Przepraszam za ewentualne zamieszanie, którego mogłem dokonać.
A sa pewne szanse, że pojawię się za to ja... :rotfl:
No to, Simonie, staniesz na bramie. Tongue

Kandydaci do tego zaszczytnego stanowiska nam się wykruszają. Sad
Simon napisał(a):A sa pewne szanse, że pojawię się za to ja...
No to ja już muszę Cię przypilnować żeby słowo ciałem się stało Smile .
Z potencjalnych bramkarzy pozostali nam zatem pkosela i TJD. A jak ich nie stanie, to ja stanę Wink . Chociaż mnie łatwiej przeskoczyć niż obejść, więc nie wiem czy to najszczęśliwszy pomysł :rotfl: .
lodbrok napisał(a):Z potencjalnych bramkarzy pozostali nam zatem pkosela .....
To on się jednak wybiera do Kołobrzegu? :o
Właśnie przeszukiwałam wątek w celu odnalezienia jakiejś informacji na ten temat, bo nawet ja nic o tym nie wiem. Nic nie znalazłam, ale kto wie, kto wie... W końcu to Kosela Wink
pkosela napisał(a):A to trzeba? Szkoda, już się miałem zgłosić...
Ale mam wprawę w zastawianiu bramy. Może się przyda?
Tak, czy siak na listę koszulkową proszę mnie dopisać
Opierałem się na tej wypowiedzi. Jeśli to nieprawda, najlepiej będzie jak zainteresowany sprostuje Smile
lodbrok napisał(a):No to ja już muszę Cię przypilnować żeby słowo ciałem się stało
Bardziej miałem na mysli swa obecnośc w Kołobrzegu jako takim niż zabawy meczowe.
Simon napisał(a):Bardziej miałem na mysli swa obecnośc w Kołobrzegu jako takim niż zabawy meczowe.

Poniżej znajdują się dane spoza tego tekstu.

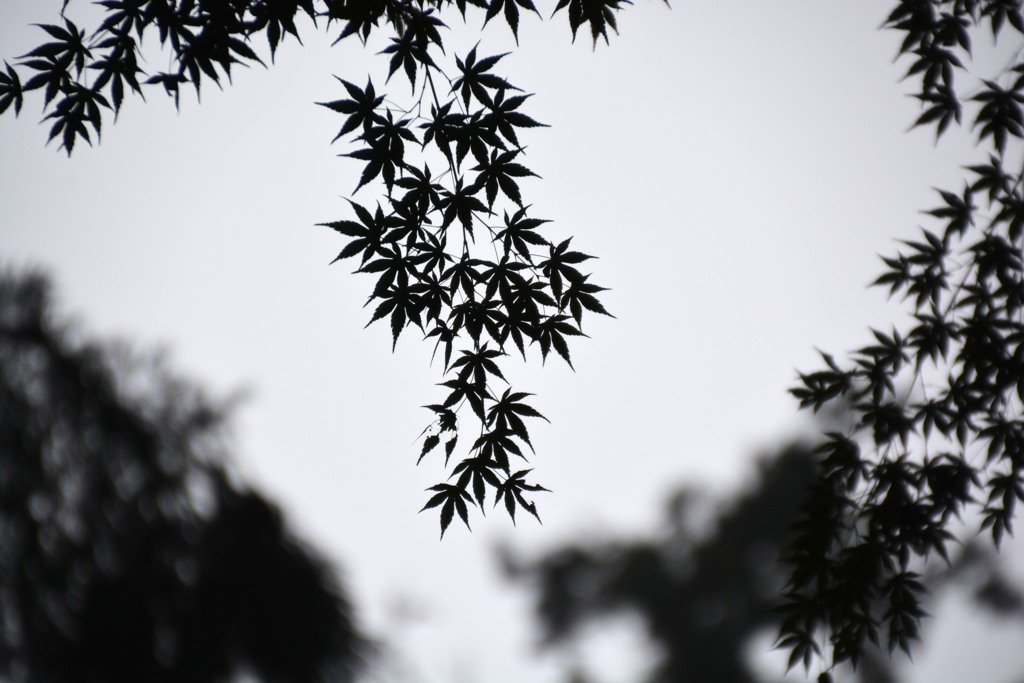silhouette　もみじ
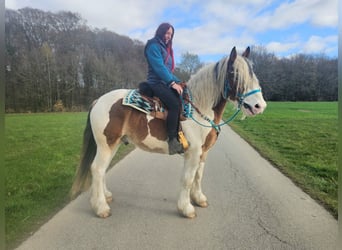 Inne konie zimnokrwiste, Wałach, 3 lat, 154 cm, Srokata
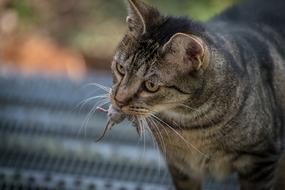 wonderful Cat Mouse Animal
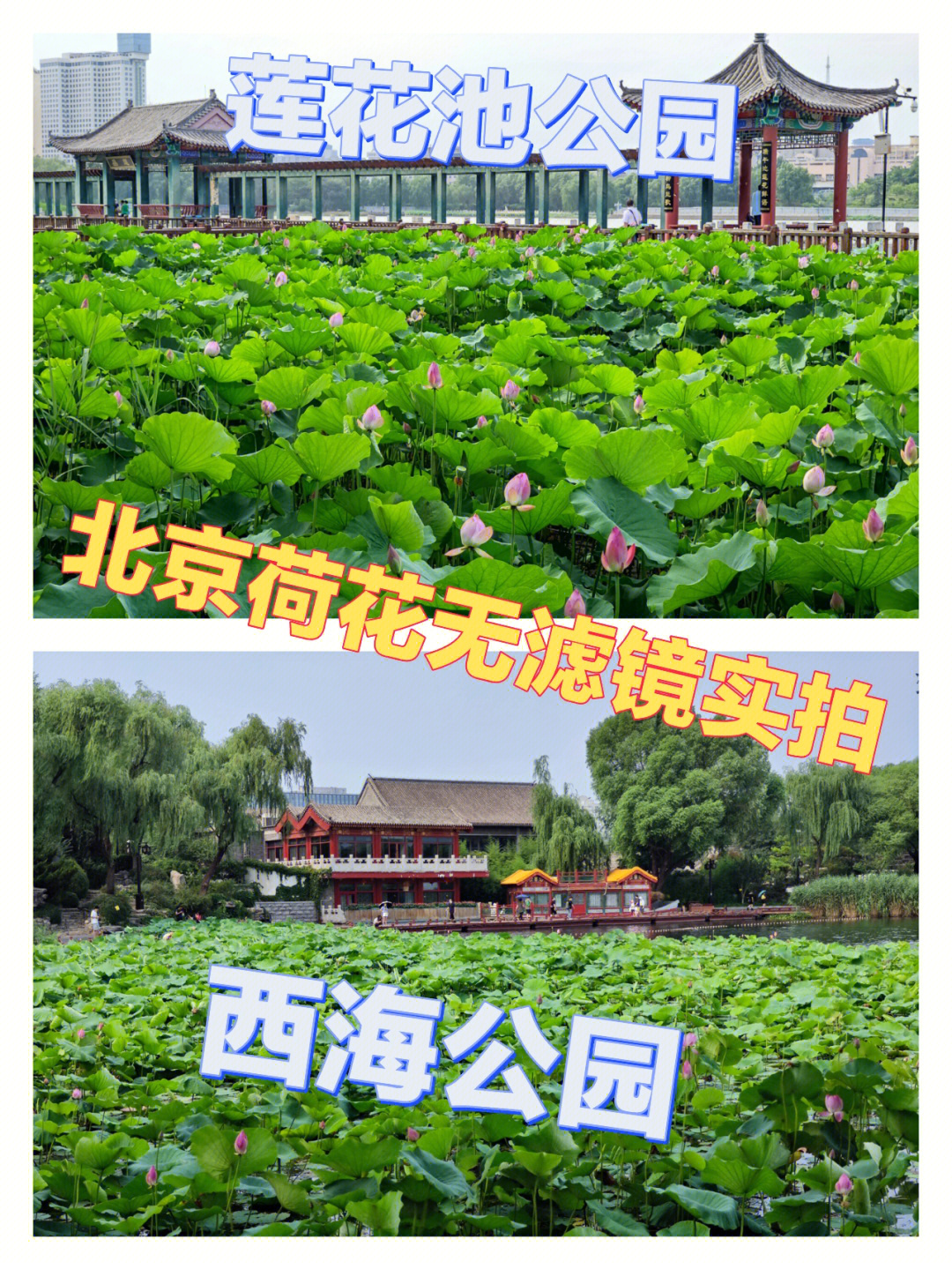 北京莲花池公园平面图图片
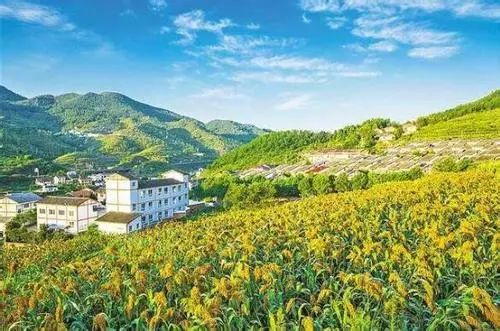 中央一号文件引领乡村旅游步入新时代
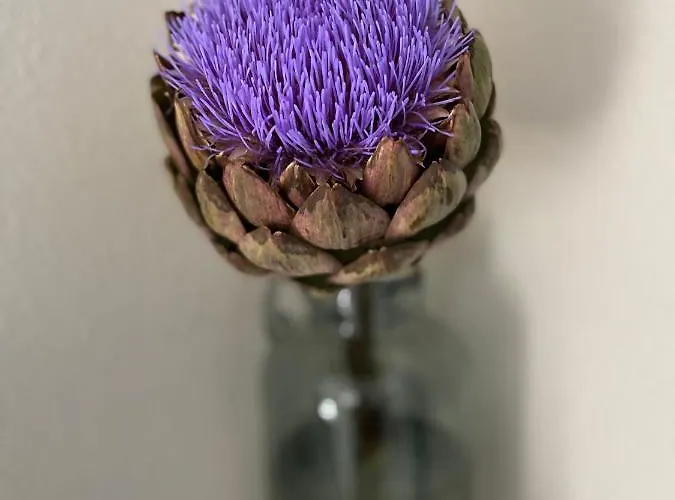 Gasthuis Haus Von Hoegen Cochem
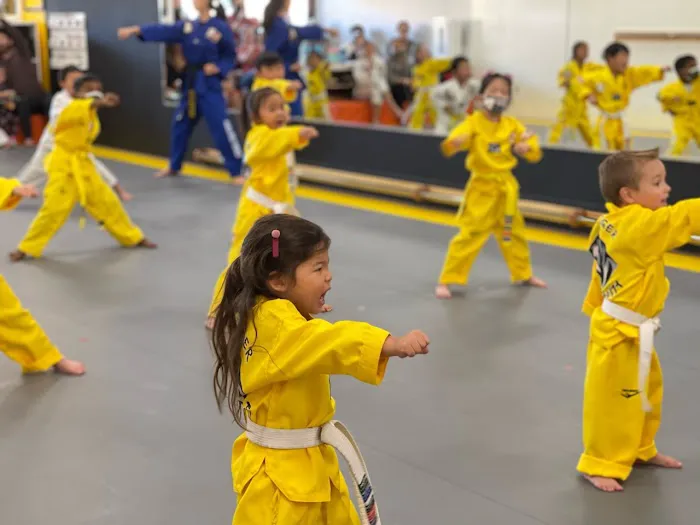 Taekwondo Family Fitness Picture 8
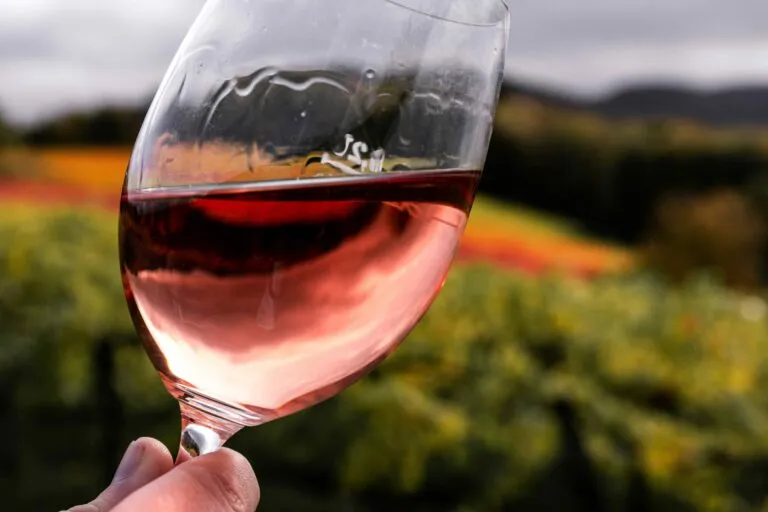 Feria de la Vendimia de Moraleja del Vino con mercadillo y tradición local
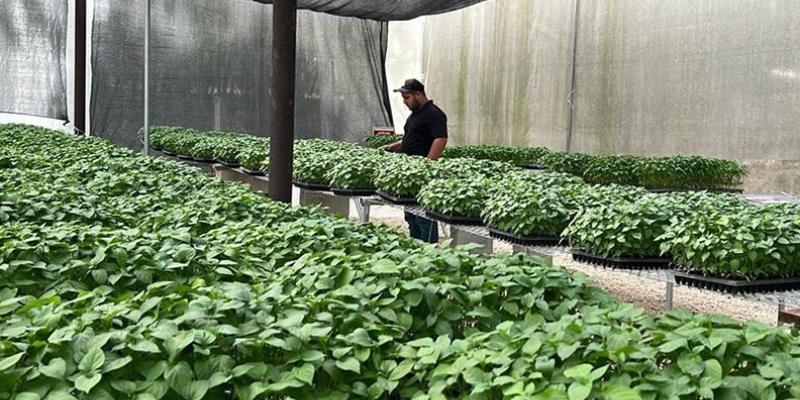 Hortalizas tropicalizadas un impulso para el desarrollo agrícola en Petén
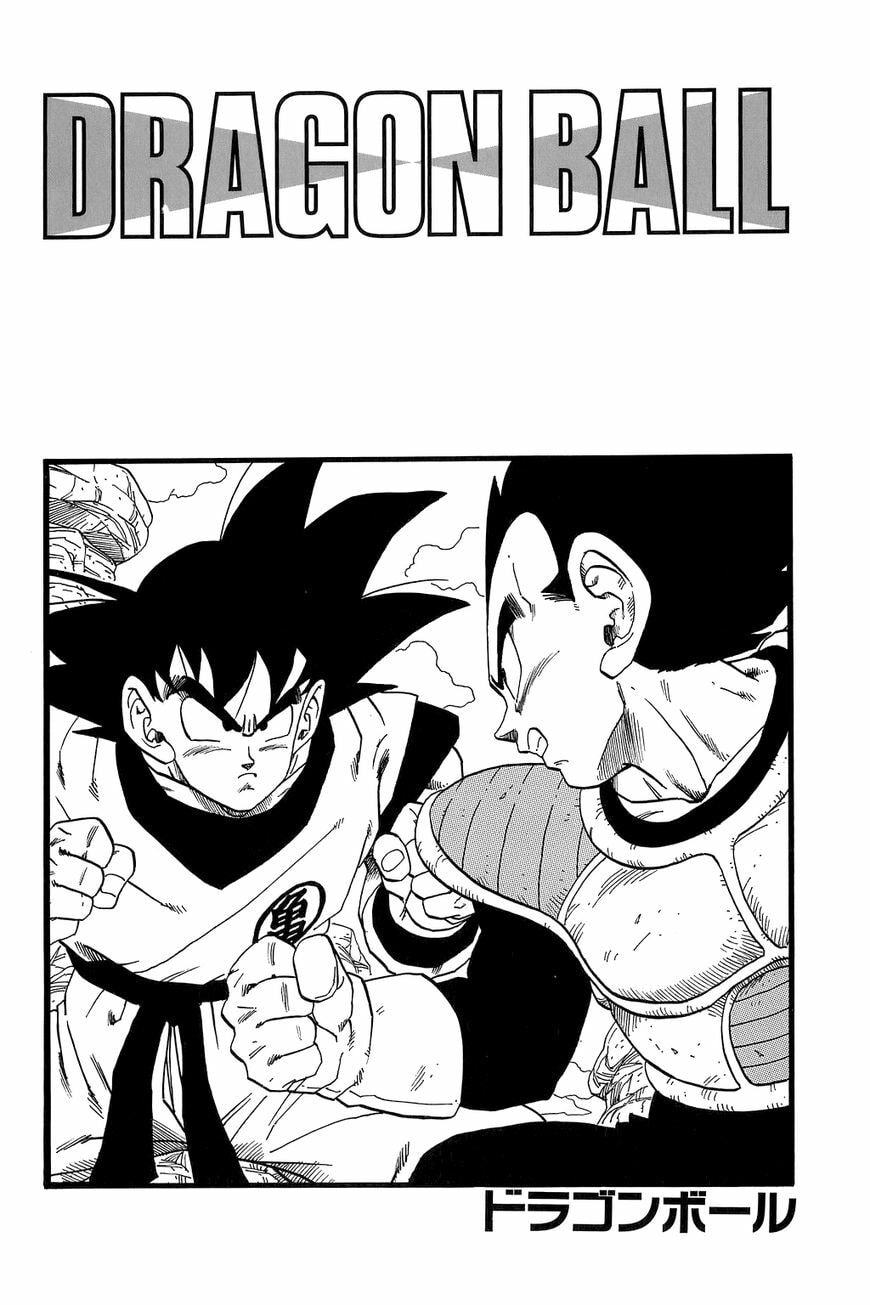 Read Dragon Ball chapter 254.5 image 3 on Lezhin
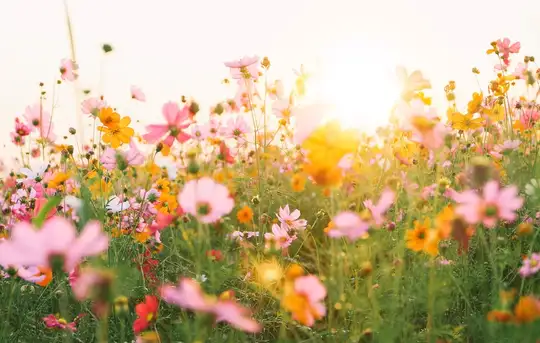 Image related to Le Jardin des Personnalités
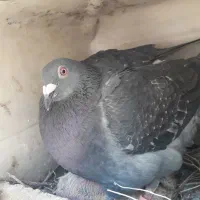 پلاکی اصل|پرنده|لردگان, |دیوار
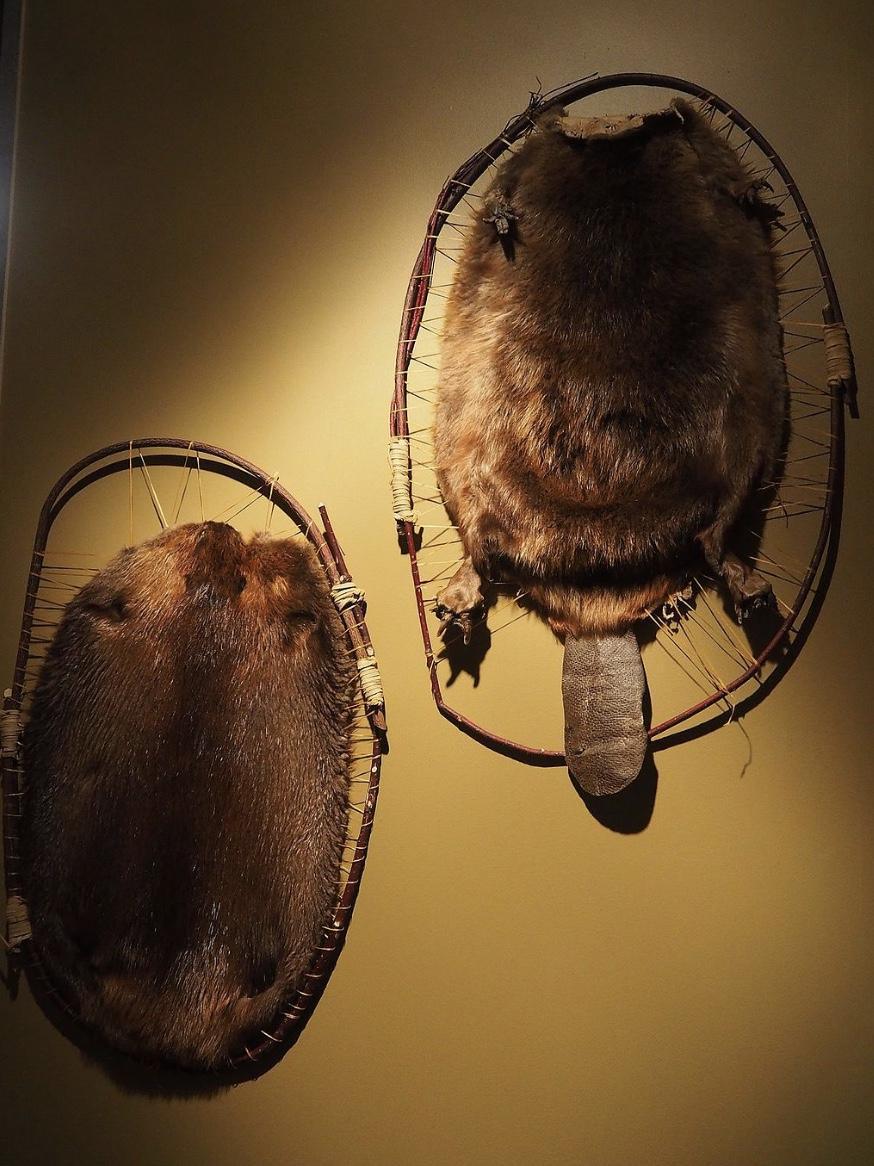 Les Voyages de Jacques Cartier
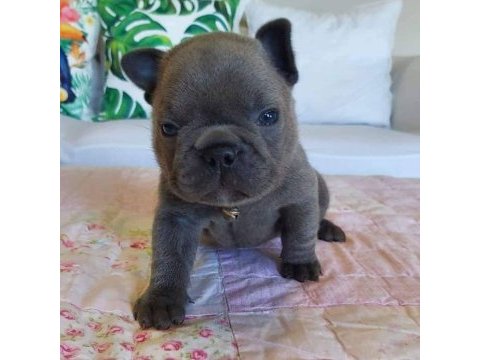 Blue french bulldog yavruları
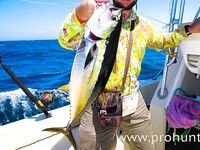 Перу, Тумбес: тунец, махи-махі и тяжёлый троллинг в холодном Хумбольде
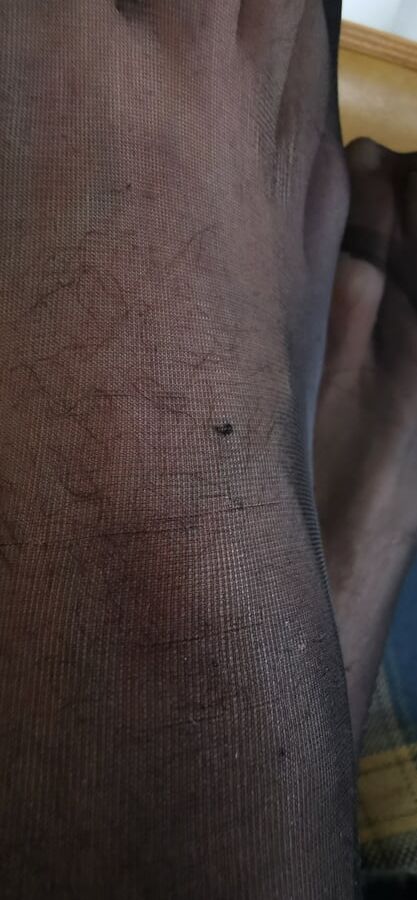 Pantyhose, Nylons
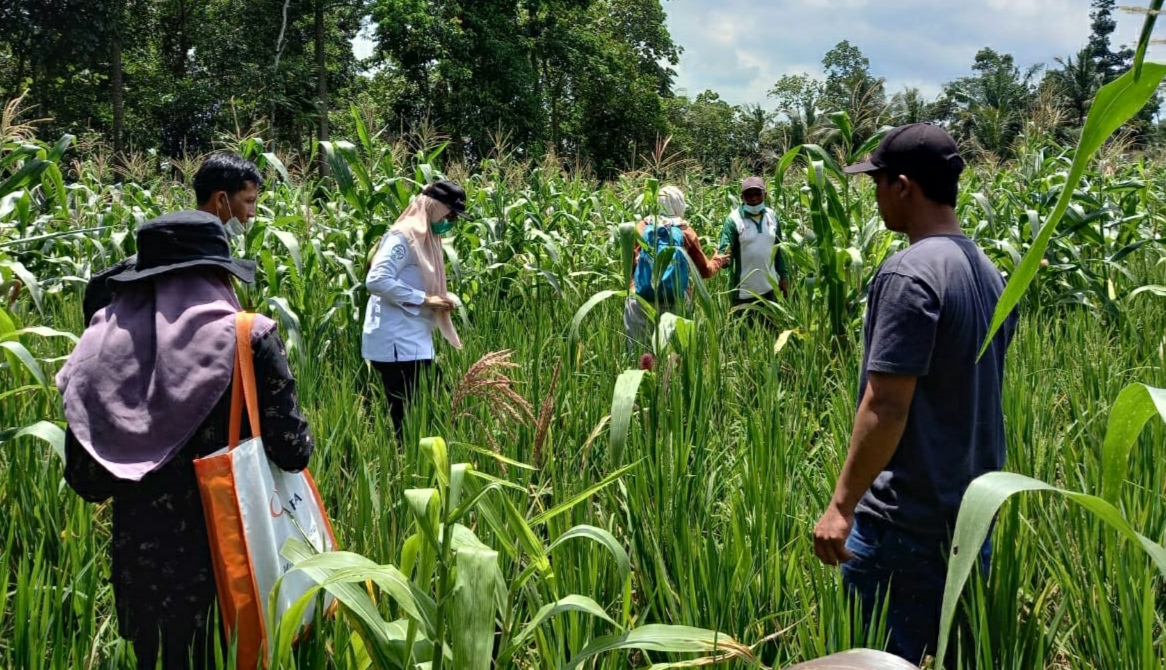 Target Produksi Padi Pesawaran 241.119 Ton dan Jagung 183.183 Ton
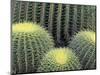 Pattern in Cactus-Adam Jones-Mounted Photographic Print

Ja też właśnie to miałem na myśli Smile
lodbrok napisał(a):
pkosela napisał(a):Tak, czy siak na listę koszulkową proszę mnie dopisać
Umknęła mi ta informacja...

Jak mam to rozumieć? I cóż to za nieprecyzyjne dane? I czemuż to pkoseli nie ma na mojej koszulkowej liście?